The 8051 was designed the particular way it was to support multi-threaded programming ... in a day and age before "threads" were in most peoples' vocabulary. The 8051 references didn't explicitly call it out as such, because the actual term "threads" and all things related to it wasn't in their vocabulary at the time either. But, multi-threaded programming has been around, in one form or another, since at least the 1960's.

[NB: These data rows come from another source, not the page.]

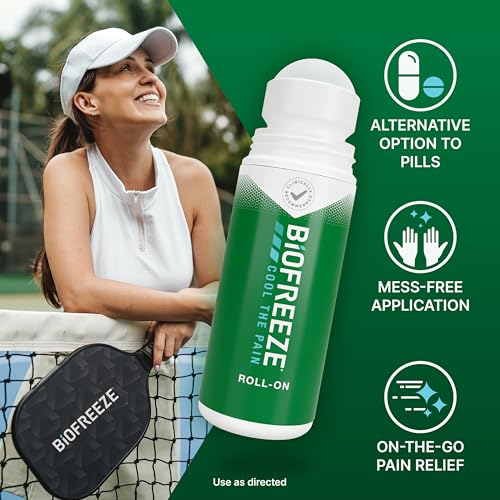 Biofreeze Pain Relief Roll-On, 3 oz. Colorless - size: 3 Fl Oz (Pack of 1), style: Colorless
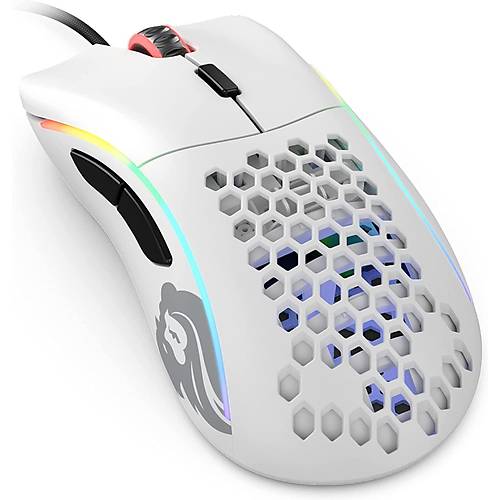 Glorious Model D Kablolu Mat Beyaz RGB Oyuncu Mouse 69Gr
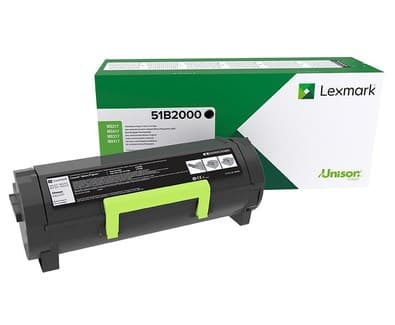 Lexmark 51B2000 tonerpatron original sort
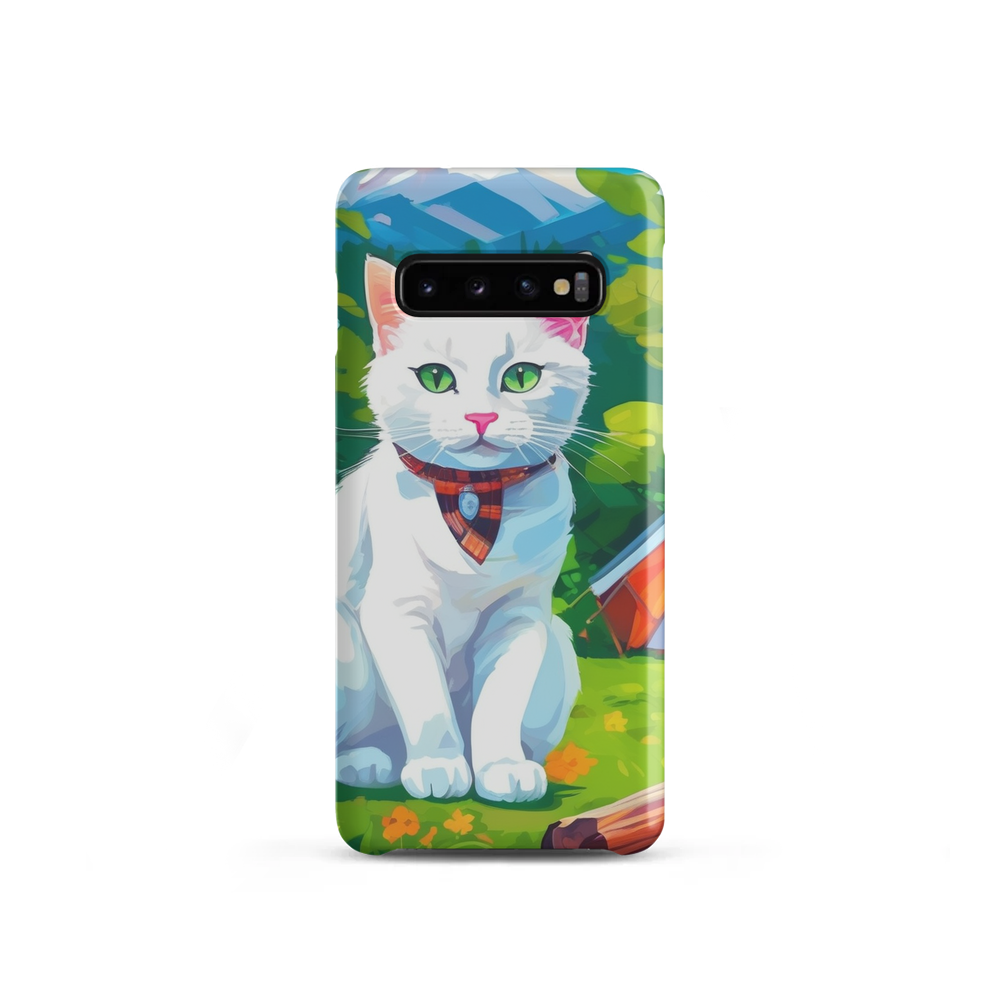PugMug Custom White Companion Cat Samsung Case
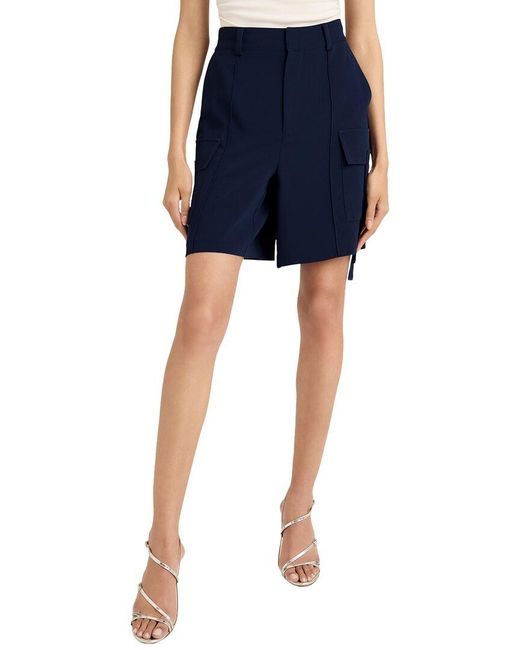 Cinq À Sept Blue Crepe Odilia Short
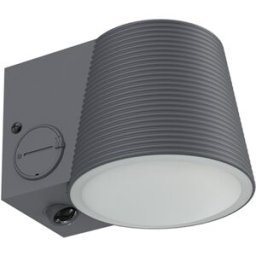 LUMISKY Lámpara solar de pared con sensor gris 1000lm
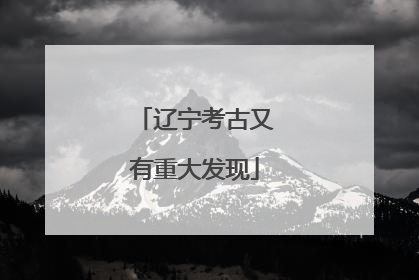 辽宁考古又有重大发现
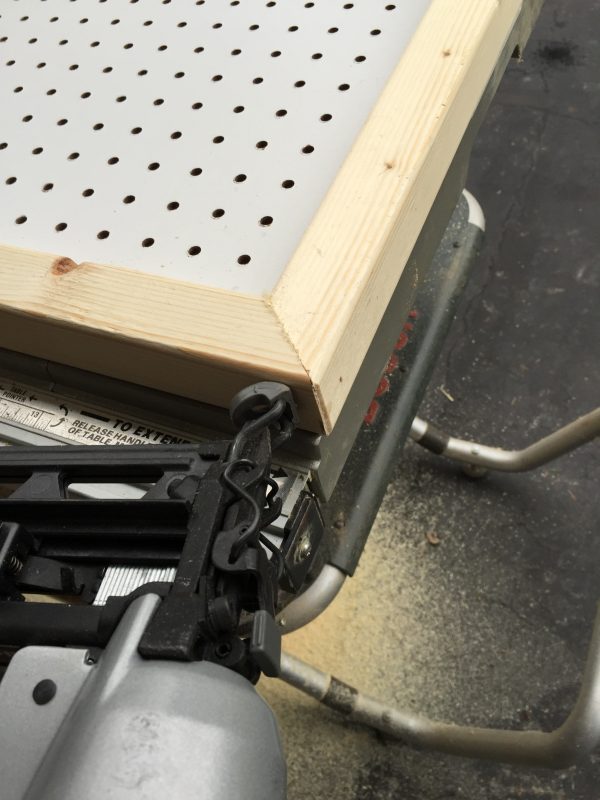 Make a folding pegboard display Jon Pohlman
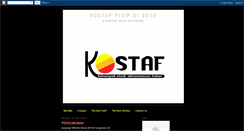 Desktop Screenshot of kostaffisipui.blogspot.com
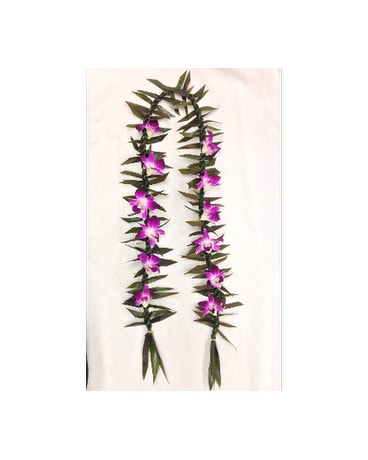 L29 - Ti Leaf with Orchid lei
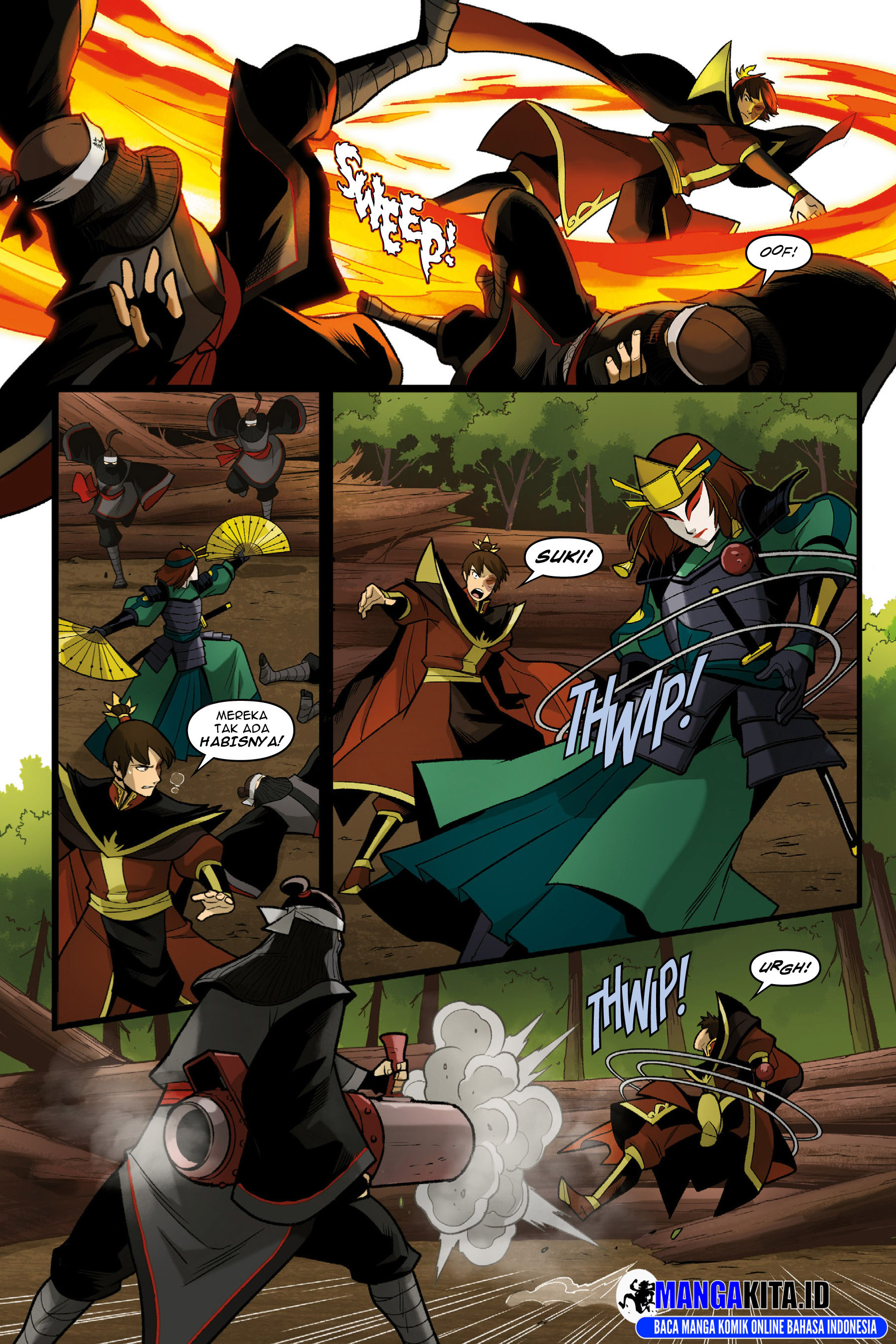 Avatar: The Last Airbender - Smoke and Shadow chapter 1.2 halaman 7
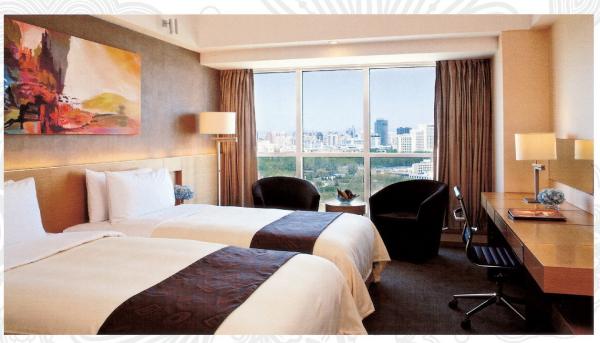 Cheap Modern Hotel Bedroom Furniture,Standard Double Room Furniture SR-018 for sale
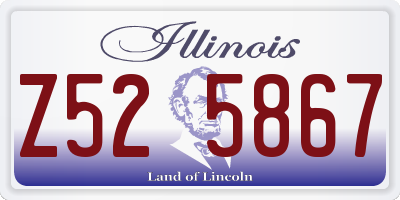 IL license plate Z525867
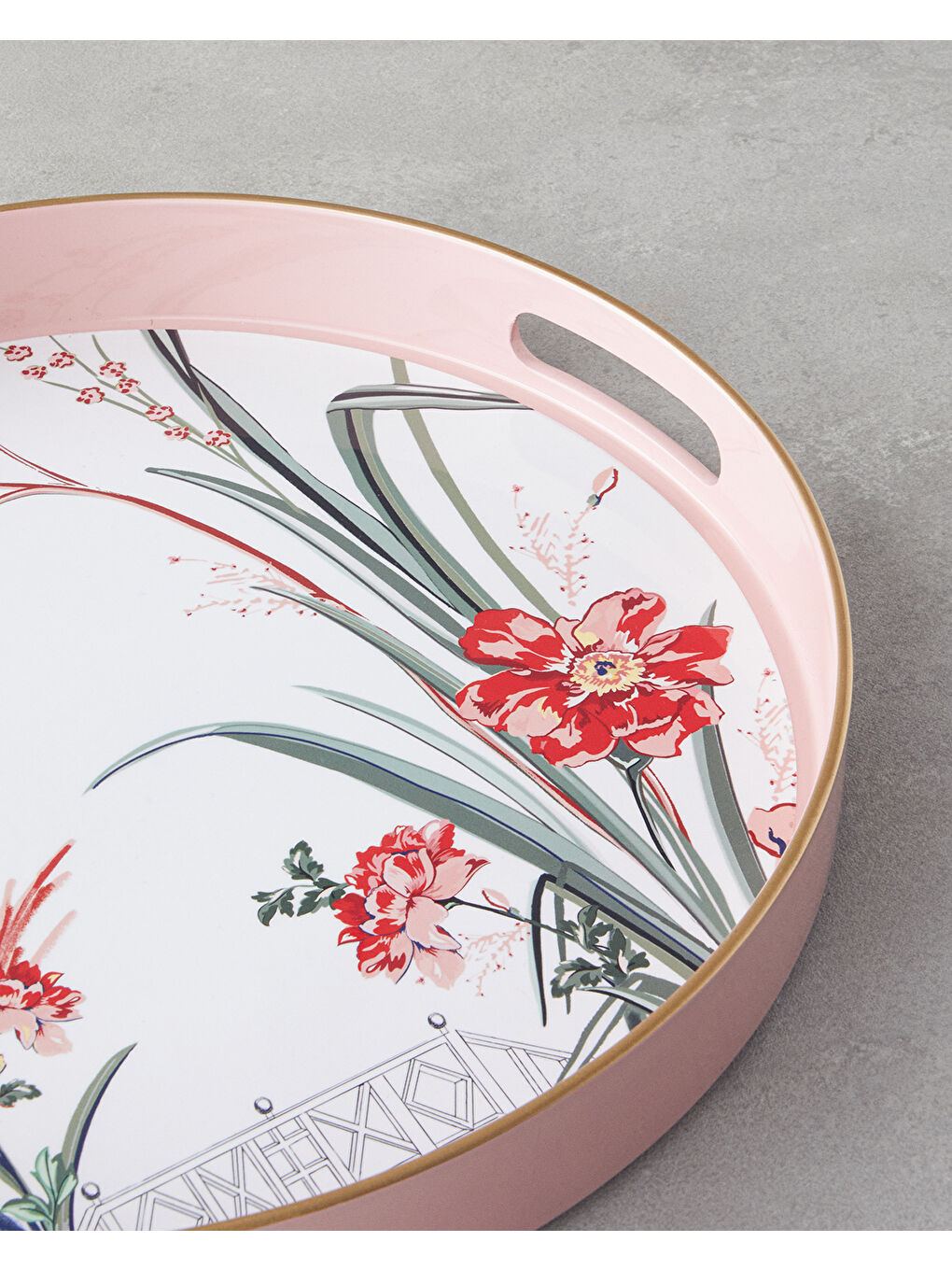 Beyaz Chimera PP Tepsi 33 cm Renkli-2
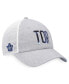 Фото #2 товара Women's Heather Gray, White Toronto Maple Leafs Iconic Glimmer Trucker Snapback Hat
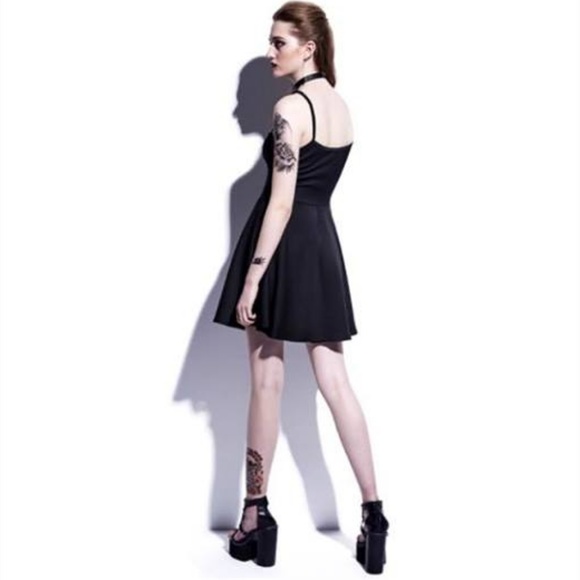 FancyQube Pentagram gothic skater dress - Picture 2 of 5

In today's language: the registers R0-R7 are meant to be used as thread-local registers, so that when you do a context-switch from one thread to another, you basically only need to save A, B, DPTR and PSW, before switching the stack pointer SP and R0-R7 register window. The base address of the R0-R7 window is just PSW&0x18 (thus: either 0x00, 0x08, 0x10 or 0x18), so the switch already happens when PSW is context-switched. All of that makes for blazingly-fast thread-switching and you could literally make all your interrupt handlers as simple thread switchers and use the low interrupt priority as a de facto level 2 priority for threads, with the bottom level 1 priority being that of being outside of interrupt-handlers. Level 3 would be that of being inside a high-priority interrupt handler, which would be mostly reserved for time-critical tasks and spooling.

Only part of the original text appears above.